Let $X$ have the $N(0,1)$ distribution and let $a>0$, show that the random variable $Y$ given by
$$Y=\begin{cases}
X & \text{if }|X|<a\\[5pt]
-X &\text{if }|X|\geq a\;
\end{cases}$$
has the $N(0,1)$ distribution. What is cov$(X,Y)$?
Comments: Does that mean $Y$ has pdf:
$$f_Y(y)=\begin{cases}
f_X(y) & \text{if }|y|<a\\[6pt]
f_X(-y) & \text{if }|y|\geq a\;
\end{cases}$$
Best Answer
The pair $(X,Y)$ is not bivariate normal since $X+Y$ has positive probability of being equal to $0$, but is not always equal to $0$, so it's not normally distributed. (It's equal to $0$ whenever $|X|>a$. Besides, just look at the graph of $Y$ as a function of $X$ and you see that it's constrained to lie on an odd-shaped one-dimensional figure that is not a straight line.
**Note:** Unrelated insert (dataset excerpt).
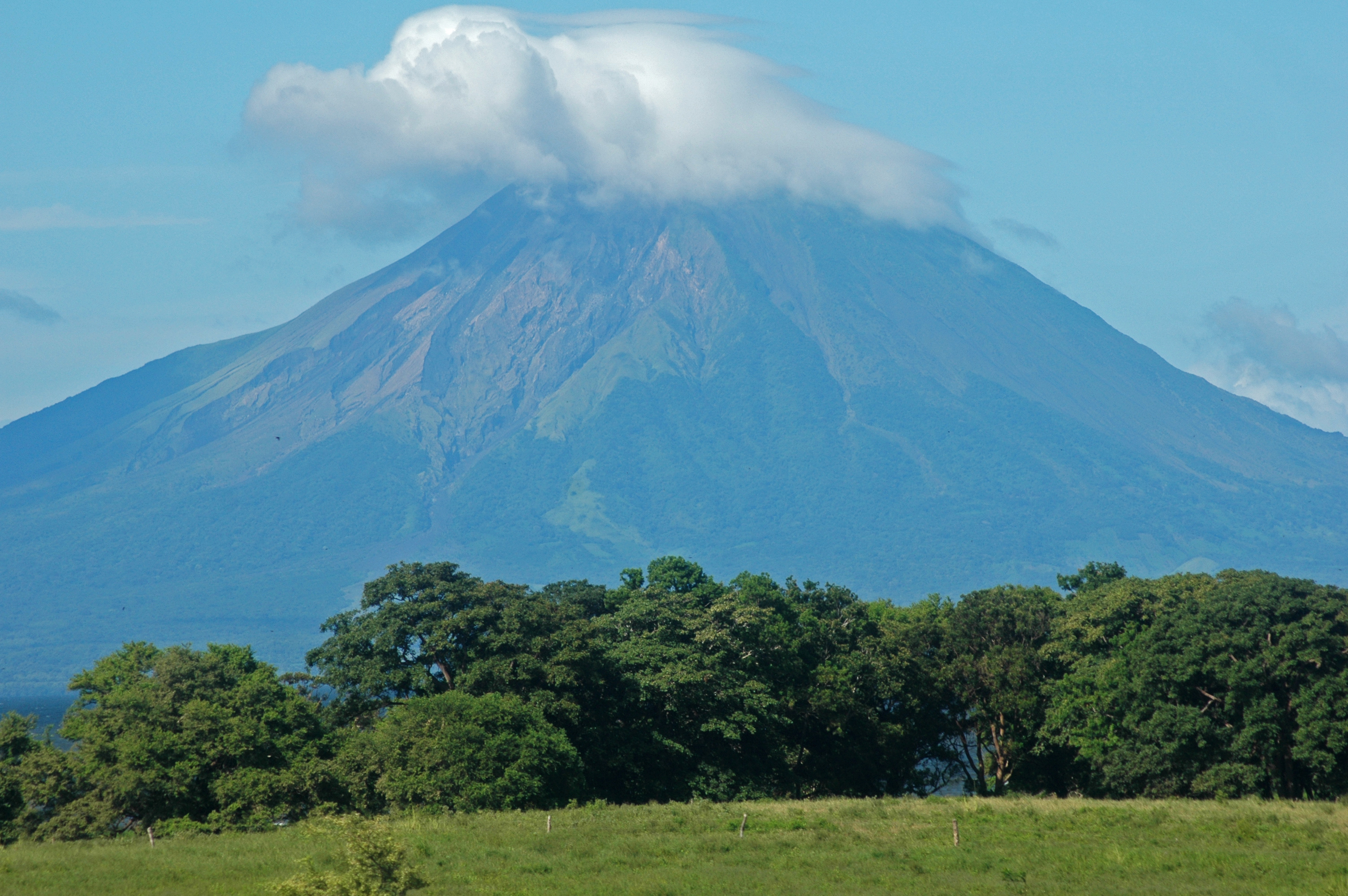 Steam at the top of a volcano in El Salvador.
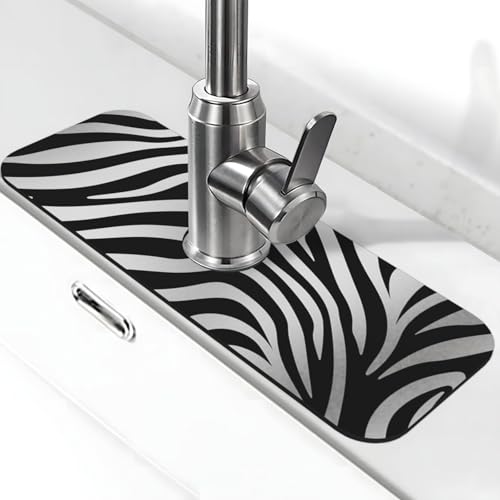 Wasserhahnmatte mit Zebramuster für Küchenspüle, Spritzschutz, 14 x 38 cm, Diatomit, schnell trocknende Matte, Spülbeckenablage, super saugfähiger Wasserhahn-Saugnapf, Wasserhahngriff, Tropffänger für Wasserhahnmatte mit Zebramuster für Küchenspüle, Spritzschutz, 14 x 38 cm, Diatomit, schnell trocknende Matte, Spülbeckenablage, super saugfähiger Wasserhahn-Saugnapf, Wasserhahngriff, Tropffänger für von BWLHJKE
Notice that $f_X(-y)$ is the same as $f_X(y)$ because of the symmetry of the distribution of $X$. That is indeed the density function of $Y$, and that tells you that the distribution of $Y$ is $N(0,1)$. So they're separately normal but not jointly normal.
The covariance depends on $a$ in a way that becomes clearer if you think about what happens to the correlation when $a$ is very close to $0$ and when $a$ is very very big. You see that in one case you get positive correlation and in the other you get negative correlation, so somewhere in between you get $0$ correlation. This shows that a pair of random variables can be separately normally distributied with covariance $0$ without being independent. (If they were jointly normally distributed and uncorrelated, they'd be independent.)